(Exercise objective): Any picture in the data below gets skipped; print all the rest exactly.

-*-*-

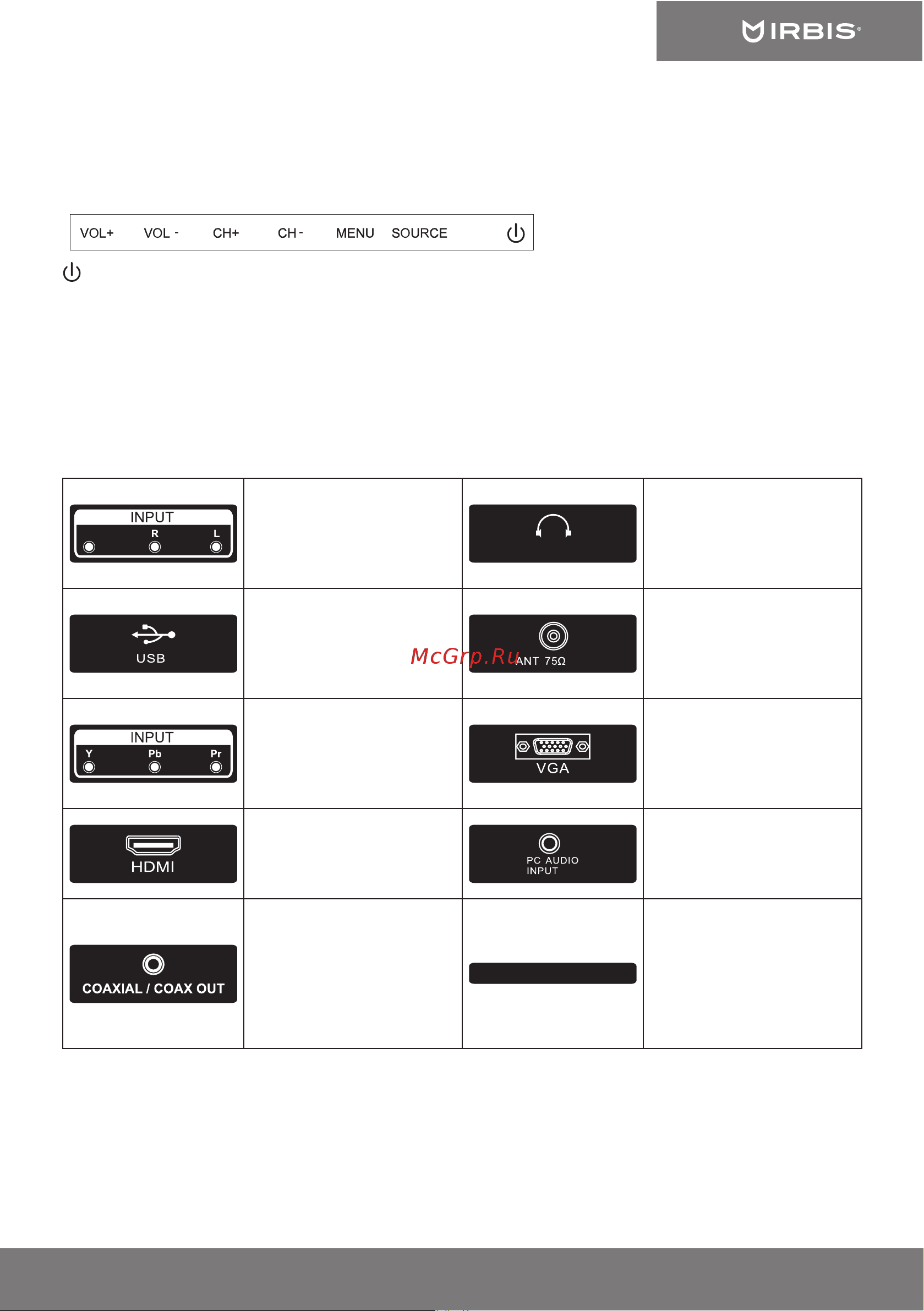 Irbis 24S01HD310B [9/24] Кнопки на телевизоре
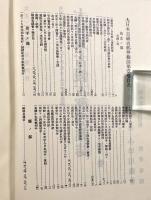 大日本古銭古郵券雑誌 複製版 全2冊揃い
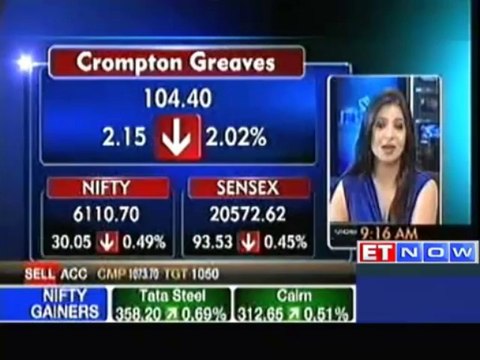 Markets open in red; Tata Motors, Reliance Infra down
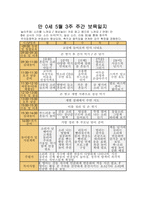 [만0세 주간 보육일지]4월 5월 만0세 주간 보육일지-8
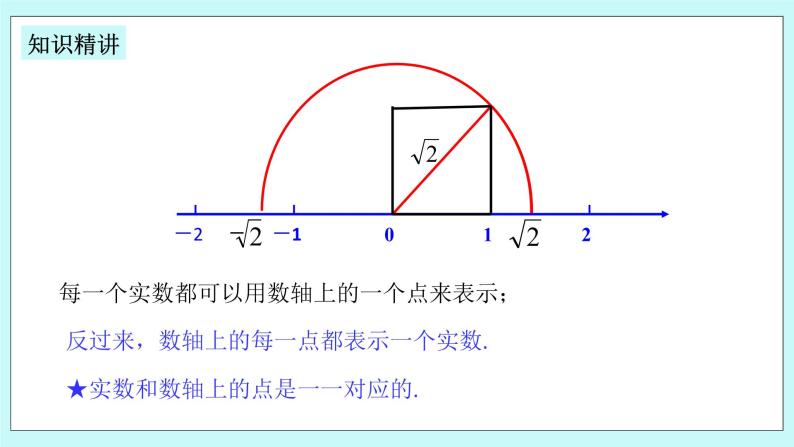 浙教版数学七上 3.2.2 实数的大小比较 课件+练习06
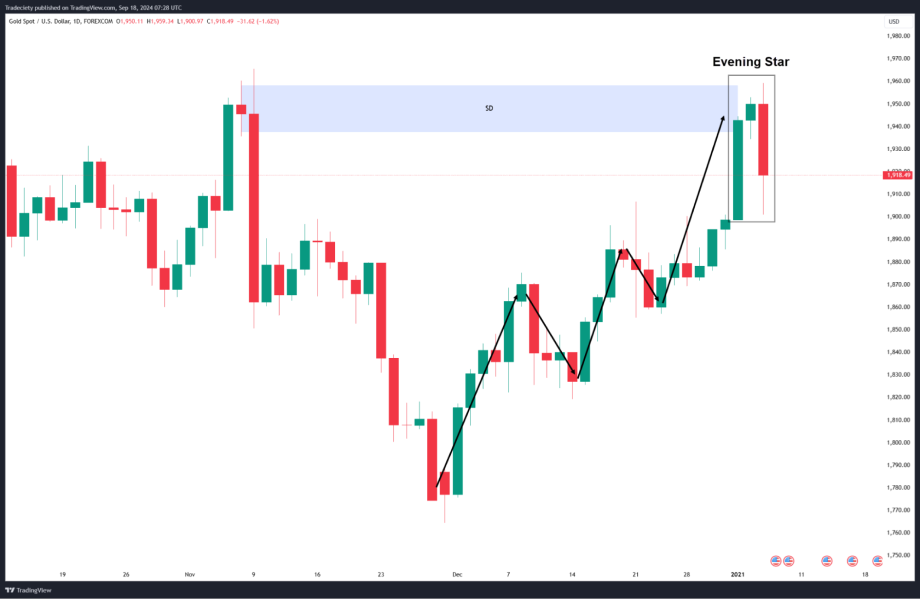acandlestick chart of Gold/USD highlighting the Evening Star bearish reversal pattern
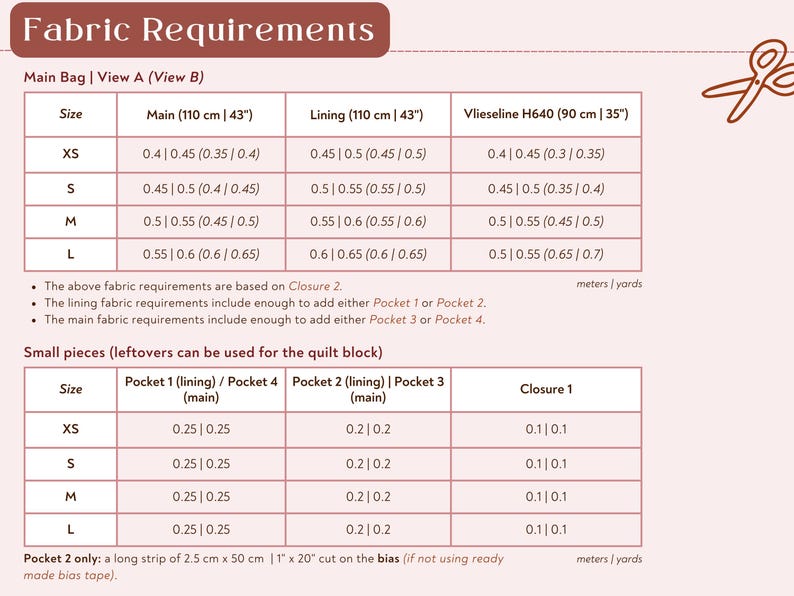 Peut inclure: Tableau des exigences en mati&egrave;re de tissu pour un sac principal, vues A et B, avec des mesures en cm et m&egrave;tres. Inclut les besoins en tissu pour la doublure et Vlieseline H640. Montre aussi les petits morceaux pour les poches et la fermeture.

-*-*-

(Exercise result):
 Irbis 24S01HD310B [9/24] Кнопки на телевизоре
 大日本古銭古郵券雑誌 複製版 全2冊揃い
 Markets open in red; Tata Motors, Reliance Infra down
 [만0세 주간 보육일지]4월 5월 만0세 주간 보육일지-8
 浙教版数学七上 3.2.2 实数的大小比较 课件+练习06
acandlestick chart of Gold/USD highlighting the Evening Star bearish reversal pattern
 Peut inclure: Tableau des exigences en mati&egrave;re de tissu pour un sac principal, vues A et B, avec des mesures en cm et m&egrave;tres. Inclut les besoins en tissu pour la doublure et Vlieseline H640. Montre aussi les petits morceaux pour les poches et la fermeture.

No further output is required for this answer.